USDA Rural Development Issues Final Rule…
by Brittany Worley, CPA (Greensboro Office)
On October 25, 2017, USDA Rural Development (RD) published a final rule for Multi-Family Housing Program Requirements to Reduce Financial Reporting Requirements in the Federal Register. In this publication, RD made its intention known to align its reporting requirements with those of the U.S. Department of Housing and Urban Development, which will now utilize a risk based threshold of reporting.
High risk properties are defined as those with combined federal assistance above $750,000 for non-profit entities and $500,000 for for-profit entities. For non-profit entities receiving federal assistance greater than $750,000, RD will accept an audit in accordance with Uniform Guidance standards.

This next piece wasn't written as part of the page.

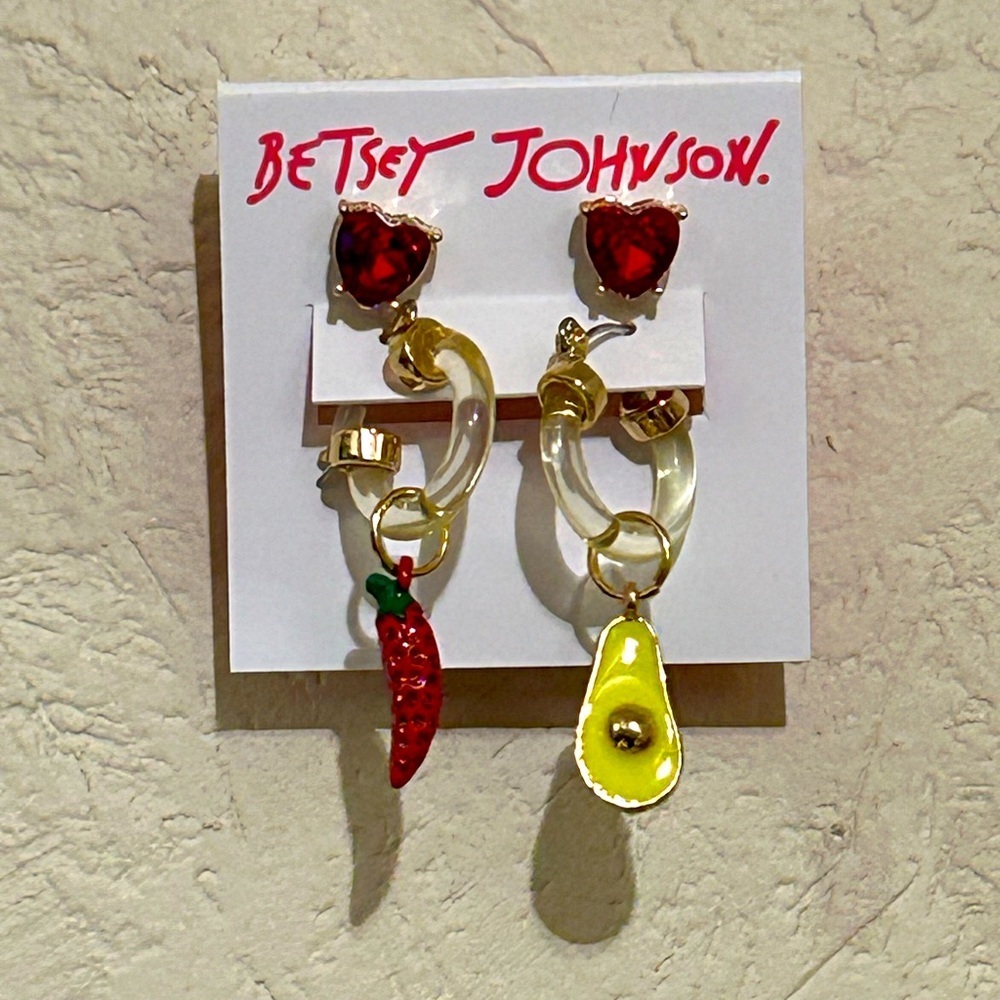 Betsey Johnson Mismatched Avocado & Chili Pepper Charm Huggie Earrings - Picture 1 of 4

For non-profit entities receiving less than $750,000 in federal funds and for-profit entities receiving less than $500,000, the owner must submit owner certified prescribed forms on the accrual basis in accordance with Statements on Standards for Accounting and Review Services. In addition, RD removed the requirements for agreed upon procedures based on the requirements by RD as part of its annual financial reporting package. RD has also added three required certifications for each entity: certification of no changes in project ownership other than those approved by the agency and identified in the certification, real estate taxes paid in accordance with state and/or local requirements and are current, and replacement reserve accounts used only for authorized purposes.
The goal for RD is to reduce the burden on the borrower to produce multiple financial reports, focus on high risk properties, and reduce the financial cost of reporting on properties. The rule was effective as of November 24, 2017. The rule changes will be optional in fiscal year 2018, as proposed budgets have been submitted, but will be mandatory starting in fiscal year 2019.